I have a probability distribution of a random variable $X$ with support between, roughly, $[-3, 3]$. I do not know the probability distribution, but I can simulate instances from it approximately, and I have its moments. My aim is to find the probability distribution from the moments.
Odd moments vanish, and even moments are $\mathbb{E}[X^{2n}] = \frac{\binom{4n}{n}}{3n+1}$. Using the moments, I constructed the Fourier transform of the probability distribution as $\mathbb{E}[e^{i k X}] = \sum_{n=0}^{\infty} \frac{(-1)^n k^{2n}}{(2n)!} \frac{\binom{4n}{n}}{3n+1}$.

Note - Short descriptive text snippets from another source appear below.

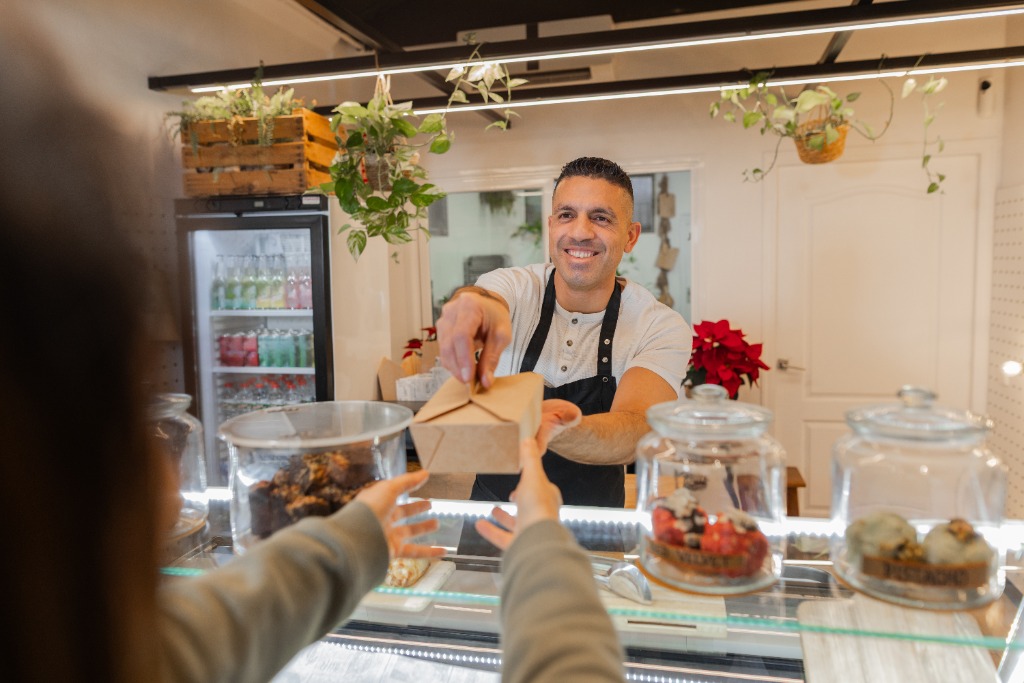 Artesana de panadería entregando con una sonrisa un pedido para llevar en el mostrador.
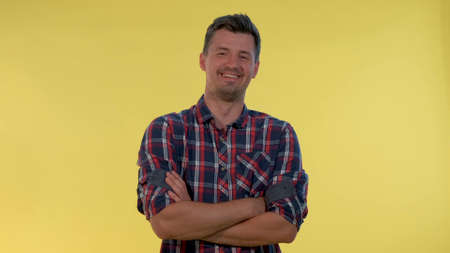 Happy young man bursting in laughter on yellow background. He is in checkered shirt. 4Kの写真素材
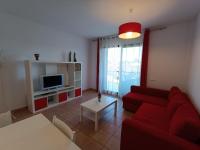 TV a/nebo společenská místnost v ubytování Apartamento con solárium en Marina Sant Jordi (MSJ81)
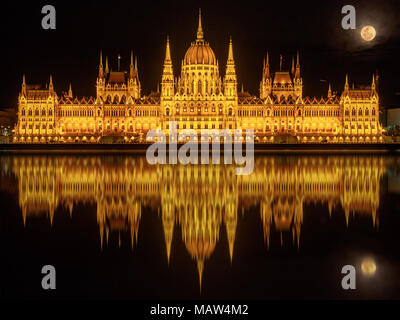 Ungarisches Parlament Gebäude (Budapest) bei Nacht im Wasser der Donau und bei Vollmond darüber reflektiert Stockfoto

Mathematica gives this sum as HypergeometricPFQ[{1/4, 3/4}, {2/3, 1, 4/3}, -((64 k^2)/27)]
Taking the inverse transformation via
Exp[-I k x] HypergeometricPFQ[{1/4, 3/4}, {2/3, 1, 4/3}, -((64 k^2)/27)], {k, -Infinity, Infinity}]
gives a curious result: ConditionalExpression[0, 1/x^2 < 27/256]
.
That is, Mathematica is telling me that the distribution vanishes outside $[-\frac{16}{3 \sqrt{3}}, \frac{16}{3 \sqrt{3}}]$, which is in strong agreement with my empirical bounds of roughly $[-3,3]$. However, there's no information about what the resulting function of $x$ looks like within the bounds of $[-\frac{16}{3 \sqrt{3}}, \frac{16}{3 \sqrt{3}}]$!
How can I evaluate this inverse Fourier transform for all real $x$, not just those where the support vanishes? I would prefer a symbolic solution, but I suspect it's likely that this is the best I can extract from Mathematica symbolically, so I would also accept methods that give the transformation numerically.